They will have all of these experiences as they work through this activity.
When doing questions 1 and 2, the students need to make sure that they count all the faces. They may find that the most systematic way of doing this is to consider each of the 6 possible views in turn (left, right, up, down, front, and back). They then put the numbers in a table and calculate the ratio of surface area to volume. For ease of comparison, they are asked to put the ratio in the form x : 1 (as in Fat in Foods, pages 4-5 of the students' book).
The students may have trouble seeing how to get from 34 : 8 to 4.25 : 1. To achieve this, they must divide both sides of the ratio by 8 (because 8 ÷ 8 = 1). This division makes use of the principle of equivalent ratios, which says that 2 : 3 = 4 : 6 = 18 : 27 = 1 : 1.5 = 200 : 300, and so on. This is the principle of equivalent fractions, slightly disguised. As well as helping your students work with these ratios, you may also need to help them interpret the meaning of the ratios they have calculated.
In question 2d-e, the students discuss the relationship between surface area and volume. They should be able to see that as the volume increases, so does the surface area, though not in a fixed ratio (because the shape of dogs varies greatly). This means that a small dog has a proportionally greater area of skin through which to gain (or lose) heat and is therefore more at the mercy of external conditions. Compare the vulnerability of a human baby.
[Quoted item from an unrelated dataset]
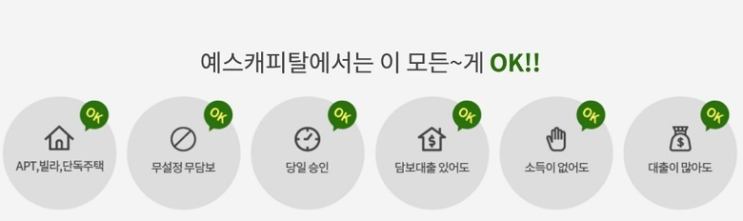  ok대출 은 여기서 안전하고 믿을수 있는곳에서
Hypothermia is the result of excessive heat loss through the skin, the reverse of the overheating problem that is the focus of questions 1 and 2. Hypothermia is often the cause of death in water accidents, rather than drowning (think of the Titanic). It is also a threat for unprepared trampers and climbers in the New Zealand outdoors. The last activity in this book, Chilling Out (page 24 of the students' book), is also relevant here.
Information about hypothermia can be found on the Internet, including these sites:
Health and Physical Education
This activity could form part of a unit on hypothermia or safety in the outdoors.
- access and use information to make and action safe choices in a range of contexts (Personal Health and Physical Development, level 4)
- investigate and practise safety procedures and strategies to minimise risk and to manage risk situations (Personal Health and Physical Development, level 5)
This activity could be used in conjunction with a unit based around Building Science Concepts Book 46, Keeping Warm and Book 47, Insulation.
- investigate and describe structural, physiological, and behavioural adaptations which ensure the survival of animals and flowering plants in their environment, e.g., the organ systems which animals use to locate, catch (or harvest), eat, digest, transport, and use food; territoriality; social behaviour; photosynthesis, osmosis; transpiration (Making Sense of the Living World, level 5)
Answers to Activity
1. Practical activity. The total surface area is 34 squares (square units).
2. a. Practical activity
d. As body size increases, the ratio of surface area (skin) to volume decreases.
e. A small dog has proportionally more surface area (skin) than a large dog, so it loses or gains heat more rapidly and is less able to cope with extremes.
Results will vary. Hypothermia is a loss of body heat, which leads to death if not stopped in time.